O grande homenageado do Prêmio Nobel de Economia de 2025 não está entre os vivos. Chama-se Joseph Schumpeter e há quase 90 anos, em seu livro “Capitalismo, Socialismo e Democracia” (1942), formulou a genial ideia que o mundo inteiro agora aplaude e reconhece: a força do capitalismo reside na sua capacidade de autodestruição criativa, isto é, de se reinventar. E a História comprova que este capitalismo, embora conserve o mesmo nome ao longo dos séculos, vem periodicamente sofrendo tais metamorfoses que às vezes a gente mal o reconhece. Schumpeter já havia antecipado o conceito em 1911, em “A Teoria do Desenvolvimento Econômico”, ao descrever o capitalismo como um sistema que vive de romper o próprio equilíbrio — uma intuição juvenil que a História levou um século para confirmar.  

  

Curiosamente, o grande economista nunca recebeu o Nobel — não por falta de mérito ou reconhecimento, mas porque o prêmio ainda não existia quando morreu, em 1950. O Prêmio de Economia só seria criado em 1968, pelo Banco Central da Suécia. O de 2025 é, portanto, uma reparação histórica tardia — uma homenagem a quem entendeu o futuro antes mesmo que ele chegasse. É apenas surpreendente que o conceito tenha levado tanto tempo para ser testado e comprovado. A criatividade humana, afinal, é veloz para inventar máquinas e aplicativos — mas lenta para compreender as ideias que as inspiram.  

  

A metade do prêmio deste ano coube ao brilho erudito do veterano Joel Mokyr, o historiador cuja obra reescreveu a Revolução Industrial no início da década de 90, não como epopeia das máquinas, mas como trama das ideias quando elas se sustentam em uma cultura de confiança no conhecimento na qual engenheiros, cientistas e artesãos qualificados exercem o seu talento e curiosidade.
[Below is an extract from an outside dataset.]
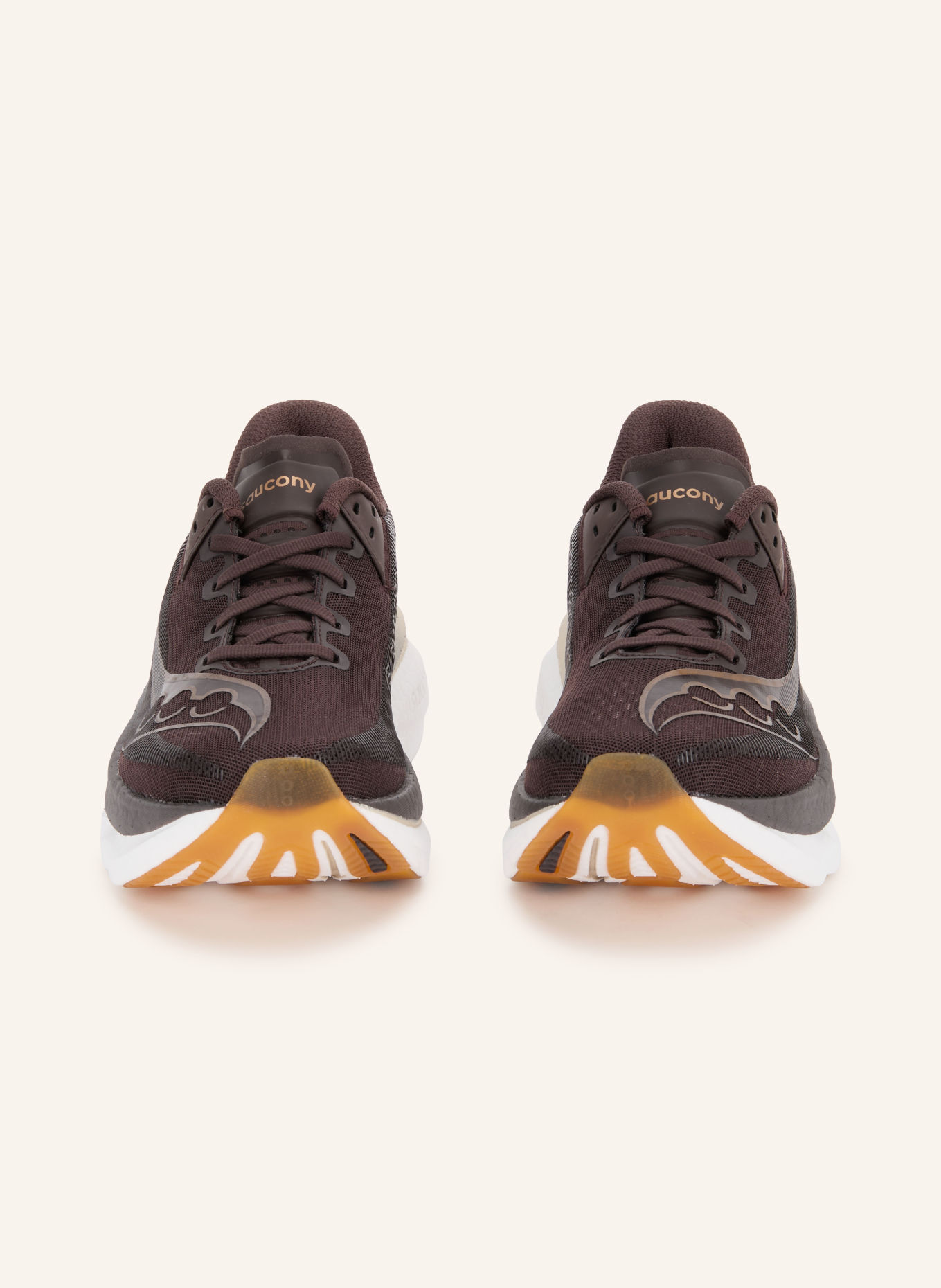saucony Hardloopschoenen ENDORPHIN AZURA: ZWART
A outra metade foi repartida entre Philippe Aghion e Peter Howitt, dois economistas que traduziram a intuição de Schumpeter em equações — e provaram, matematicamente, que o progresso é um processo de substituições sucessivas através das quais o novo mata o velho com a elegância impiedosa de uma lei natural darwiniana.   

  

Há prêmios que celebram novas descobertas; mas este celebra uma evidência tardia. Afinal, hoje a inovação, que é o nome atual que damos para destruição criativa, está por toda parte e é vertiginosa, desdobrando-se e multiplicando-se incessantemente.  Virou um método de produzir, um estilo de vida, dos algoritmos à inteligência artificial que não nos dá sossego.   

  

No Brasil, a cultura oficial dominante tem se revelado hostil à inovação, isto é, a qualquer mudança profunda que possa abalar o status quo.  Vivemos a inovação por tabela, inventada por outros longe daqui. E, além do mais, ainda não percebemos que a destruição criativa também se dedica a demolir ideias, elites fracassadas e instituições que envelhecem. Nossas elites estão fora de compasso, comprometendo o futuro de um país que precisa se reinventar.  

  

Outra questão crucial que permanece em aberto é se o capitalismo, nesta sucessão de metamorfoses que ele viveu nos dois últimos séculos, continua o mesmo, ou se não foi perdendo também a sua própria identidade.  Mudou de figura, mas não mudou de nome. Não estamos, talvez, caminhando para uma sociedade pós-capitalista, ou que nome tenha, no limiar de uma nova civilização e de uma nova era? Caberá – quem sabe? – a outro prêmio Nobel nos esclarecer sobre essa importante controvérsia.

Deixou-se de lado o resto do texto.